To listen is to dedicate your entire attention to sounds as they live and die.
Real sound is in the present moment: not recordings, not copies.
That is what I garnered from the video.
One additional thing that stands out to me and stands apart from this message is:
"We are the composers of this huge miraculous composition that's going on around us,
and we can improve it or we can destroy it.
We can add more noises, or we can add more beautiful sounds;
that's all up to us."
I find the difference between "noise" and "beautiful sounds" subjective, because it is. Beauty is perception; an opinion.
[Noise can be very musical-- in which case, is it still noise? I should say:]
Any sound can be musical.
Music is perception and intention; just as much the intention of the listener as the intention of the composer.
Thus, our choice to contribute sound or noise--pleasant or unpleasant--may be a choice between sincerity and insincerity.

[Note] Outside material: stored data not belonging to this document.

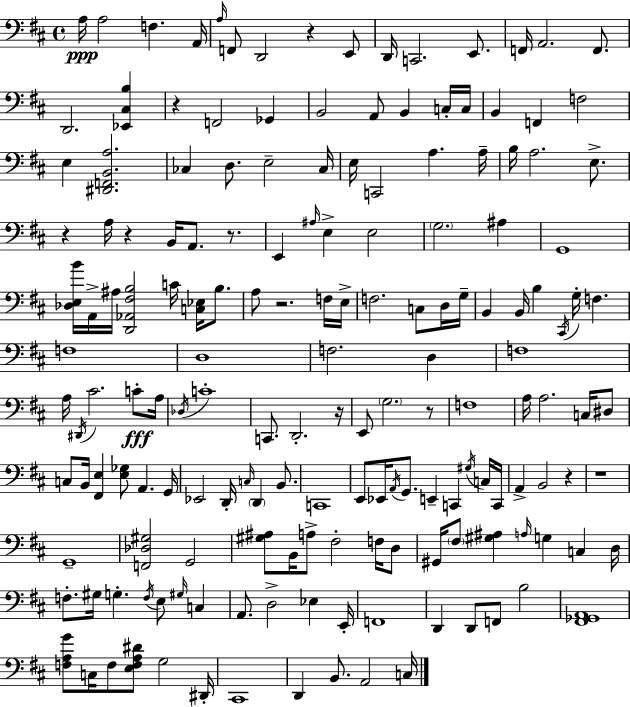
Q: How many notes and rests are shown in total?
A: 167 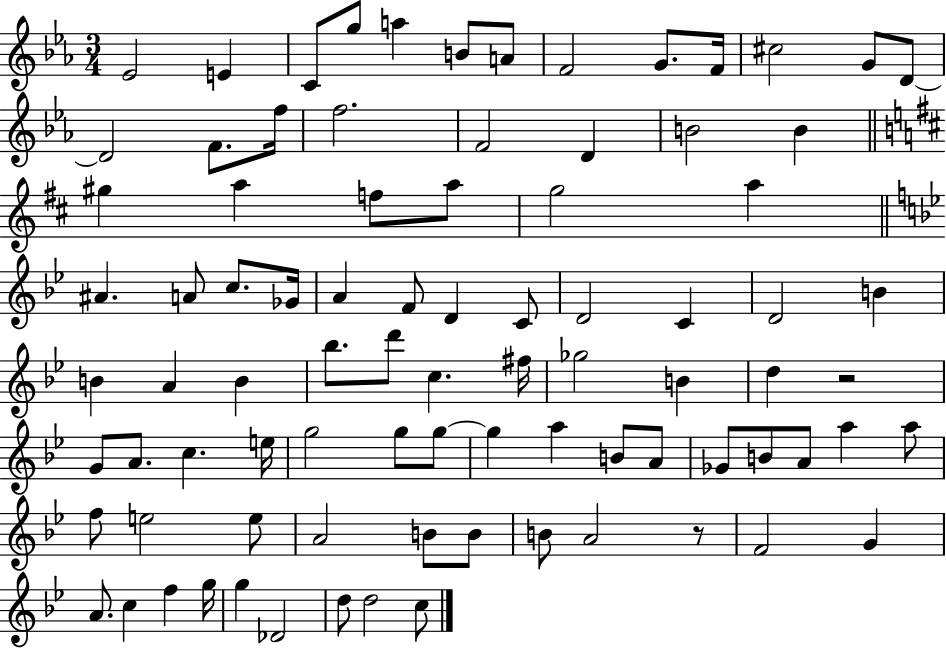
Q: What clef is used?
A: treble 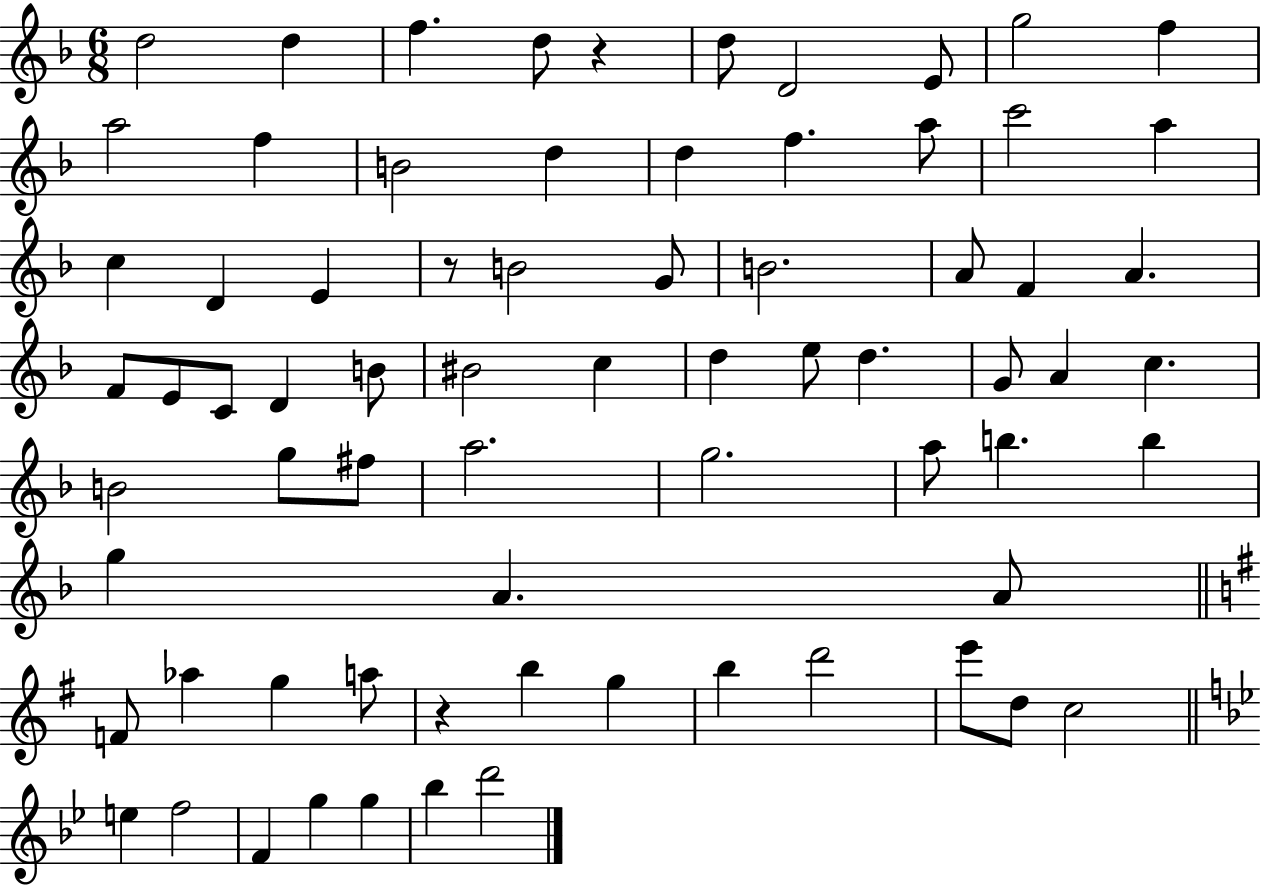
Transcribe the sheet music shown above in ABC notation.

X:1
T:Untitled
M:6/8
L:1/4
K:F
d2 d f d/2 z d/2 D2 E/2 g2 f a2 f B2 d d f a/2 c'2 a c D E z/2 B2 G/2 B2 A/2 F A F/2 E/2 C/2 D B/2 ^B2 c d e/2 d G/2 A c B2 g/2 ^f/2 a2 g2 a/2 b b g A A/2 F/2 _a g a/2 z b g b d'2 e'/2 d/2 c2 e f2 F g g _b d'2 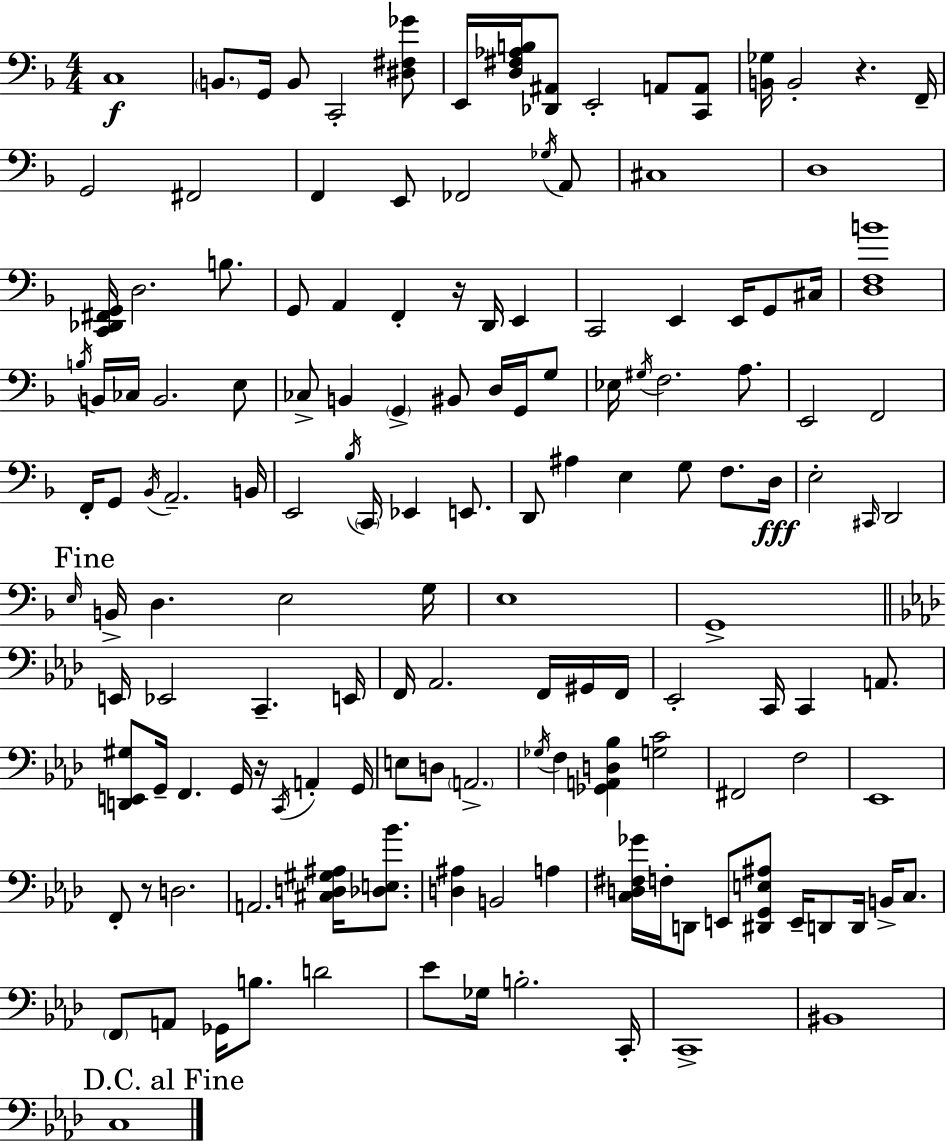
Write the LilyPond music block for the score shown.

{
  \clef bass
  \numericTimeSignature
  \time 4/4
  \key f \major
  c1\f | \parenthesize b,8. g,16 b,8 c,2-. <dis fis ges'>8 | e,16 <d fis aes b>16 <des, ais,>8 e,2-. a,8 <c, a,>8 | <b, ges>16 b,2-. r4. f,16-- | \break g,2 fis,2 | f,4 e,8 fes,2 \acciaccatura { ges16 } a,8 | cis1 | d1 | \break <c, des, fis, g,>16 d2. b8. | g,8 a,4 f,4-. r16 d,16 e,4 | c,2 e,4 e,16 g,8 | cis16 <d f b'>1 | \break \acciaccatura { b16 } b,16 ces16 b,2. | e8 ces8-> b,4 \parenthesize g,4-> bis,8 d16 g,16 | g8 ees16 \acciaccatura { gis16 } f2. | a8. e,2 f,2 | \break f,16-. g,8 \acciaccatura { bes,16 } a,2.-- | b,16 e,2 \acciaccatura { bes16 } \parenthesize c,16 ees,4 | e,8. d,8 ais4 e4 g8 | f8. d16\fff e2-. \grace { cis,16 } d,2 | \break \mark "Fine" \grace { e16 } b,16-> d4. e2 | g16 e1 | g,1-> | \bar "||" \break \key aes \major e,16 ees,2 c,4.-- e,16 | f,16 aes,2. f,16 gis,16 f,16 | ees,2-. c,16 c,4 a,8. | <d, e, gis>8 g,16-- f,4. g,16 r16 \acciaccatura { c,16 } a,4-. | \break g,16 e8 d8 \parenthesize a,2.-> | \acciaccatura { ges16 } f4 <ges, a, d bes>4 <g c'>2 | fis,2 f2 | ees,1 | \break f,8-. r8 d2. | a,2. <cis d gis ais>16 <des e bes'>8. | <d ais>4 b,2 a4 | <c d fis ges'>16 f16-. d,8 e,8 <dis, g, e ais>8 e,16-- d,8 d,16 b,16-> c8. | \break \parenthesize f,8 a,8 ges,16 b8. d'2 | ees'8 ges16 b2.-. | c,16-. c,1-> | bis,1 | \break \mark "D.C. al Fine" c1 | \bar "|."
} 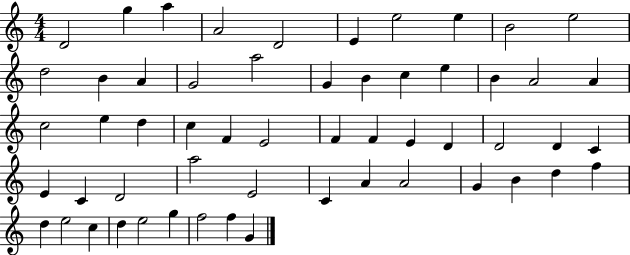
{
  \clef treble
  \numericTimeSignature
  \time 4/4
  \key c \major
  d'2 g''4 a''4 | a'2 d'2 | e'4 e''2 e''4 | b'2 e''2 | \break d''2 b'4 a'4 | g'2 a''2 | g'4 b'4 c''4 e''4 | b'4 a'2 a'4 | \break c''2 e''4 d''4 | c''4 f'4 e'2 | f'4 f'4 e'4 d'4 | d'2 d'4 c'4 | \break e'4 c'4 d'2 | a''2 e'2 | c'4 a'4 a'2 | g'4 b'4 d''4 f''4 | \break d''4 e''2 c''4 | d''4 e''2 g''4 | f''2 f''4 g'4 | \bar "|."
} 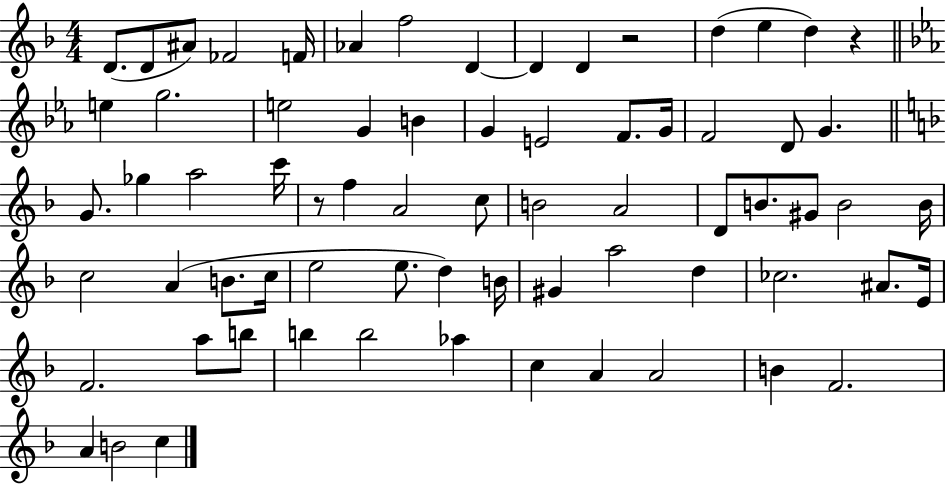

One can contribute to the composition with sounds that are meaningful and true, and hope that they are beautiful;
or, one can add to the cacophony by sharing sounds born of poor, insincere intent and malevolence.
This is just one way I can imagine looking at it. It is very convoluted to define insincerity in art.
The Ono pieces are art.
Why?
Firstly, whether the Ono pieces are art is up to individual discernment.
This logic follows the earlier discussed example of music.
Music is merely art in the medium of sound; sound perceived to be art.
The existence of art, in any medium, is subjective.
Why are the Ono pieces art to me?
Initially, I am not sure. To myself, I recently defined art as a sensory experience.
Are these works sensory experiences? They are sensory experiences in the way poetic writing is sensory experience.
Writing is a collection of words, and the combinations can be colourful and dense and painful.
Writing can have form, contrast, and balance. [elements and principles of visual design]
Writing can invoke imagery.
If I beleive writing can be art, I can beleive these Ono pieces (made of words on a page) are art.
Thus, I conclude, art is not only a literal, physical sensory experience, but an abstract, mental one as well.
I beleive these Ono pieces satisfy that requirement.
To me, art is whatever I experience as art.
However, I tend to define unintentional/arbitrary experiences as inspiration, and intentional creations as art.
Inspiration: the experience of art exists only in the perceiver.
Art: the experience of art exists in both the composer and the perceiver.
I understand these pieces by Ono to be art.
is it art?
i. is it a sensory experience?
ii. is there a composer?
Once again, this becomes very convoluted.
What is a composer? The source of the experience?
Does the composer have to intend to create art for art to be created?
Does the composer have to intend to create art to be a composer?
Following that, if there needs to be a composer, does there need to be a perceiver?
[If art without a composer is inspiration:]
What is a composition without a perceiver?
What are the requirements of a perceiver?
If an observer does not experience the composer's work as art, does that negate the art?
ahhhhh word count
Short answer: No.
Yes, there does need to be sound; however, there is something to be said for implied sound, imagined sound, experienced sound.
Things that are not sound can have musical qualities. Nonetheless, it is not necessarily music on its own-- unless it seeks to be.